See Vitis™ Development Environment on xilinx.com
See Vitis™ AI Development Environment on xilinx.com

# Single-Stream Interface¶

Version: Vitis 2022.1

## Super Sampling Rate FIR Filter¶

The purpose of this third part of the tutorial is to understand how to implement a FIR filter that has an input sample rate above the clock frequency of the AI Engine array.

Navigate to the `SingleStreamSSR` directory to continue.

## Super Sampling Rate and Polyphase¶

When the input sampling Rate is above the clock frequency of the processor (Super Sampling Rate), samples must be acquired in parallel. For a 2 Gsps input sample rate, you can specify that the filter should receive two samples at a 1 GHz rate which can be seen as two data streams (Polyphase decomposition), each one at 1 Gsps. Because the AI Engine array AXI-Stream network is limited to 1 GHz (slowest speed grade), the high sampling rate input (above 1 Gsps) will need to be decomposed into multiple phases to be processed.

As a first example, suppose there is a 2 Gsps data stream to be processed, it can be split in two phases to be routed to the AI Engine array:

A 5 Gsps data stream must be split into 5 phases:

## Organize Computation for a 2 Gsps Data Stream in 2 Phases¶

For a single-rate filter, a 2 Gsps input sample rate means also a 2 Gsps output sample rate. Because the input stream is separated into two (even, odd) streams, the output stream must be split the same way.

Take a look at how y0 is computed:

If the data stream is split into two phases, it can be seen that the coefficients also have to be split into two phases.

Take a look also at how y2 is computed:

For the even output stream, the data and coefficient phases should match:

• Even data phase sent through a filter built with the even phase coefficients

• Odd data phase sent through a filter built with the odd phase coefficients

Take a look at how this is modified for the odd outputs:

In this case the phases of the data and coefficients should be mixed:

• Even data phase sent through a filter built with the odd phase coefficients

• Odd data phase sent through a filter built with the even phase coefficients

There is a further difference between the two; in the odd output case the (even data, odd coefficients) should discard one data at the beginning of the stream.

In the previous section the balance between data transfer and compute performance of the AI Engine was obtained for a 1 Gsps data stream going through an eight tap filter. The balance is identical here. As we have eight different filters, we can process 4x 1 Gsps streams in parallel.

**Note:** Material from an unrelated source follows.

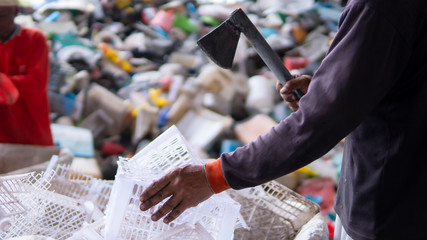 Workers are sorting plastic waste in the garbage factory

The data stream and the coefficients must be split into four phases and then recombined. In the following figures, the various colors correspond to a different phase for the data (blue) and the coefficients(red):

• Output phase 0, will be split and recombined as follows:

• Output phase 1, will be split and recombined as follows:

• Output phase 2, will be split and recombined as follows:

• Output phase 3, will be split and recombined as follows:

The Data and the Coefficients being split into N Phases (four in this case), the resulting architecture requires NPhases x NPhases (4x4 = 16) to be implemented.

## Designing the Graph¶

The kernels created in the previous section can be reused here as the only difference will be the way that thay are connected together. In the preceding images, you can see that there are 16 associations (Data Phase, Coefficient Phase). Also, it can clearly be seen that some of the data streams will have the first data discarded before the computation starts:

• Output phase 0: no input data phase will have discarded samples

• Output phase 1: Input data phase 0 will have 1 discarded sample

• Output phase 2: Input data phase 0 and 1 will have 1 discarded sample

• Output phase 3: Input data phase 0, 1 and 2 will have 1 discarded sample

To minimize the data routing, all blocks using the same data stream should be placed in the same column. This leads to the following architecture:

In the AI Engine array the direction of the cascade stream is flipped from one row to the next.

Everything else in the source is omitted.